[Short web captions]
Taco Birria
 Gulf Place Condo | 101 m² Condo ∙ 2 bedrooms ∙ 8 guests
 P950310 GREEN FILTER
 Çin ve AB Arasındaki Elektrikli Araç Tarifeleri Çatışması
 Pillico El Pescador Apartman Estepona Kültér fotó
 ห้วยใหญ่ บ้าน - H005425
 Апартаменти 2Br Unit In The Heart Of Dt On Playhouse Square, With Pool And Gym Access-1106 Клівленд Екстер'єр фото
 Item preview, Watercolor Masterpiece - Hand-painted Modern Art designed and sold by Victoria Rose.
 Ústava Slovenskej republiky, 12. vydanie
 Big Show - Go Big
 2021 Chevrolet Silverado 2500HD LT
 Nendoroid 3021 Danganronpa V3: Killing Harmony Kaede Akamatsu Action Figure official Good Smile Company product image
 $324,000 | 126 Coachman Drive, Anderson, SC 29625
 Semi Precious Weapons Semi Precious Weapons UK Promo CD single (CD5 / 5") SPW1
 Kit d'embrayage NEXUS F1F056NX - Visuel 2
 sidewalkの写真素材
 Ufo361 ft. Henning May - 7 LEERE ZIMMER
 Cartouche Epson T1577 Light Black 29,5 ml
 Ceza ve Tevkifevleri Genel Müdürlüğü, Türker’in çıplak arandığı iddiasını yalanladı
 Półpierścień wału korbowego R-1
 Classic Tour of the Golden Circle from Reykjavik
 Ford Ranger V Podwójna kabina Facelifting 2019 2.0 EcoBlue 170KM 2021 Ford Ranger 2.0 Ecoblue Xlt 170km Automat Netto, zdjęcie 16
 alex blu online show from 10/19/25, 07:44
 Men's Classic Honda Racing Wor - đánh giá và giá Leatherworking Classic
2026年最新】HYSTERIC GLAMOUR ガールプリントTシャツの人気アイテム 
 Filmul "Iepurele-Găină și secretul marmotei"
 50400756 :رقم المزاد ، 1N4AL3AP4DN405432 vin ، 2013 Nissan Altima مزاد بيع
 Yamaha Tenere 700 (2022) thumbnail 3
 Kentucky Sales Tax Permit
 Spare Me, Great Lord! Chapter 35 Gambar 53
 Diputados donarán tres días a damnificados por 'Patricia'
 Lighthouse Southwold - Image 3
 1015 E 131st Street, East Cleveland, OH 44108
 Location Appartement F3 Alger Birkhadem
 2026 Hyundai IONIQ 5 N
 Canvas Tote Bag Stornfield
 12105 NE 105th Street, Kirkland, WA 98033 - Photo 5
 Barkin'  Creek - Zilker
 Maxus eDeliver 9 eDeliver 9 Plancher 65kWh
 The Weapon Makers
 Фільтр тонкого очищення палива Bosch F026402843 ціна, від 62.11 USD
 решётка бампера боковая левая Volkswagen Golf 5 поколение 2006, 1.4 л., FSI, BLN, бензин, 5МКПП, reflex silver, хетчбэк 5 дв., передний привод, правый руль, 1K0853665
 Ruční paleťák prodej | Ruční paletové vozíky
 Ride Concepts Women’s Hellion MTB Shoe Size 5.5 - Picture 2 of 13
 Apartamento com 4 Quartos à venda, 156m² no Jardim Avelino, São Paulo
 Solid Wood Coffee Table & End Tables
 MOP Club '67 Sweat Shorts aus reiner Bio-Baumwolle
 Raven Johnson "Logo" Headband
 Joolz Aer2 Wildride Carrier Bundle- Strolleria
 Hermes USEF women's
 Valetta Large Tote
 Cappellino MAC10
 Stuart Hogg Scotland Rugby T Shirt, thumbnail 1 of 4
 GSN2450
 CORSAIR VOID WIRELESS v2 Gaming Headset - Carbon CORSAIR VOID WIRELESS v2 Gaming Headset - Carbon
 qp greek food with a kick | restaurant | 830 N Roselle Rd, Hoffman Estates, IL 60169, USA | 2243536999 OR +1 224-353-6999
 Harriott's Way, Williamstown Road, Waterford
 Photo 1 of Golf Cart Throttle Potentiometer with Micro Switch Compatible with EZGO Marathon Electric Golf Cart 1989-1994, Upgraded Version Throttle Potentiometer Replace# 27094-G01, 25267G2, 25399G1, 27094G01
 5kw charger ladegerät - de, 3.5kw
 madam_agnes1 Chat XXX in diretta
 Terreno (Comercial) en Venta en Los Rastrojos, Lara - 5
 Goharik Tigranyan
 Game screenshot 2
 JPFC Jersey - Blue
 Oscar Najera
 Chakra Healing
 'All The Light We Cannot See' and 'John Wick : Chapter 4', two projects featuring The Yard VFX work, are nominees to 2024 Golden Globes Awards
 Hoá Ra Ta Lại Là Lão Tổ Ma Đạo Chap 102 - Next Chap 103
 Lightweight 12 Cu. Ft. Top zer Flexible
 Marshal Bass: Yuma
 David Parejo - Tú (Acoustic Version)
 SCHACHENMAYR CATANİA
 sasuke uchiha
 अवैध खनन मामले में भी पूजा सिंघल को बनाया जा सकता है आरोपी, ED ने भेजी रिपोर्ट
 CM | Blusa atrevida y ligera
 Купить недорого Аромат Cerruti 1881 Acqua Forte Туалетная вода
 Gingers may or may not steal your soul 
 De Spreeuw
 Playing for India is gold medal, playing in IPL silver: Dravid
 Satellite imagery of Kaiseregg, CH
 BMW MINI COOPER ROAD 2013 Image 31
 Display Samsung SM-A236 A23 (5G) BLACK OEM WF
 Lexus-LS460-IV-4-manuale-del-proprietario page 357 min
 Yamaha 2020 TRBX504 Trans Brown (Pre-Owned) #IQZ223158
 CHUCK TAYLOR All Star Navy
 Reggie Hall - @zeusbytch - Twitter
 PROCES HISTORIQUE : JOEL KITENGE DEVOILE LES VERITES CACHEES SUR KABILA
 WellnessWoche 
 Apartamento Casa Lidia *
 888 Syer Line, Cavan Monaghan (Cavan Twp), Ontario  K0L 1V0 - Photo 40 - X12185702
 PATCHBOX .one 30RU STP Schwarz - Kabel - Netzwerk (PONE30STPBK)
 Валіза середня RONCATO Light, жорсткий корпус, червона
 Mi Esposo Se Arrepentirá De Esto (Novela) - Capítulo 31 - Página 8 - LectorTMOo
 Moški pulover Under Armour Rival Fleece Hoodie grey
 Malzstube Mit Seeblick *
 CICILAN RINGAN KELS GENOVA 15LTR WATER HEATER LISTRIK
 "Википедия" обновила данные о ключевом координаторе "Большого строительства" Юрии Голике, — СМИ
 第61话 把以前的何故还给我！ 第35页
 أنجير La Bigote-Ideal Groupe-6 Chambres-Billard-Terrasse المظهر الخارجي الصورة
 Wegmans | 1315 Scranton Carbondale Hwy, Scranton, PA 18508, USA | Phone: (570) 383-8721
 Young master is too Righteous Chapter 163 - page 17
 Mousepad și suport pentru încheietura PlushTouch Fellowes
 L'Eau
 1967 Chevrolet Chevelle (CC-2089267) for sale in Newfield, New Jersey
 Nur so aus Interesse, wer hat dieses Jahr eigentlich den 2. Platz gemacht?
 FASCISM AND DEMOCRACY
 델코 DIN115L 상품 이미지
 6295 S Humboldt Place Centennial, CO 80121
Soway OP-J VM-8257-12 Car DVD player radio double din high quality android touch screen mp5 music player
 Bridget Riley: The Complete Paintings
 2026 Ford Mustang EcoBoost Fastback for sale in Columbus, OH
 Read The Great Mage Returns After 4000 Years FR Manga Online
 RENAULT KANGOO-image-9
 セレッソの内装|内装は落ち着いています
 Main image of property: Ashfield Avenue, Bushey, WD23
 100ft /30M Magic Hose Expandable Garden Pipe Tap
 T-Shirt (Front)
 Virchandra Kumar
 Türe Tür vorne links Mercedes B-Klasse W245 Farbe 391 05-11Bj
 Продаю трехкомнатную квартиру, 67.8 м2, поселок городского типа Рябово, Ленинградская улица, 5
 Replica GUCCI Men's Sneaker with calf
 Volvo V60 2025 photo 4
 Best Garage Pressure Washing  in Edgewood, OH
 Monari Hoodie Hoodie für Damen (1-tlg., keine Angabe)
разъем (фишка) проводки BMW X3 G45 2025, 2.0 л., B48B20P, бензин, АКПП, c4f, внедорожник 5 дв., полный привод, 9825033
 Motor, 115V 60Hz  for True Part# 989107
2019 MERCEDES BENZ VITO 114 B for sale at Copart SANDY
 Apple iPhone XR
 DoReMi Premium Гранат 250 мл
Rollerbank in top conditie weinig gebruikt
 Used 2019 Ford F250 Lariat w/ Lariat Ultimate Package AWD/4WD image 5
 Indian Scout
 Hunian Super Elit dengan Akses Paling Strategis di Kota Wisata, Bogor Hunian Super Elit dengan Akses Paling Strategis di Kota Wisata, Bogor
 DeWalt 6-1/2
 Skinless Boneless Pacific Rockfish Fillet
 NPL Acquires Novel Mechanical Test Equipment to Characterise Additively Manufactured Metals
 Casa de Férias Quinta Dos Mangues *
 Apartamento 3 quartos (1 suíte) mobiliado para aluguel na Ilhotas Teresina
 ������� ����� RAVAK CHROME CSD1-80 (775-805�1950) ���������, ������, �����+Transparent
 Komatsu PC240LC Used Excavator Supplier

■ PROBLEM TO SOLVE:
For this task, write out exactly the lines of the entries above, starting at the line with "Cappellino MAC10" and ending at the line with "Harriott's Way, Williamstown Road, Waterford", both included, and no others.

■ WRITTEN ANSWER:
 Cappellino MAC10
 Stuart Hogg Scotland Rugby T Shirt, thumbnail 1 of 4
 GSN2450
 CORSAIR VOID WIRELESS v2 Gaming Headset - Carbon CORSAIR VOID WIRELESS v2 Gaming Headset - Carbon
 qp greek food with a kick | restaurant | 830 N Roselle Rd, Hoffman Estates, IL 60169, USA | 2243536999 OR +1 224-353-6999
 Harriott's Way, Williamstown Road, Waterford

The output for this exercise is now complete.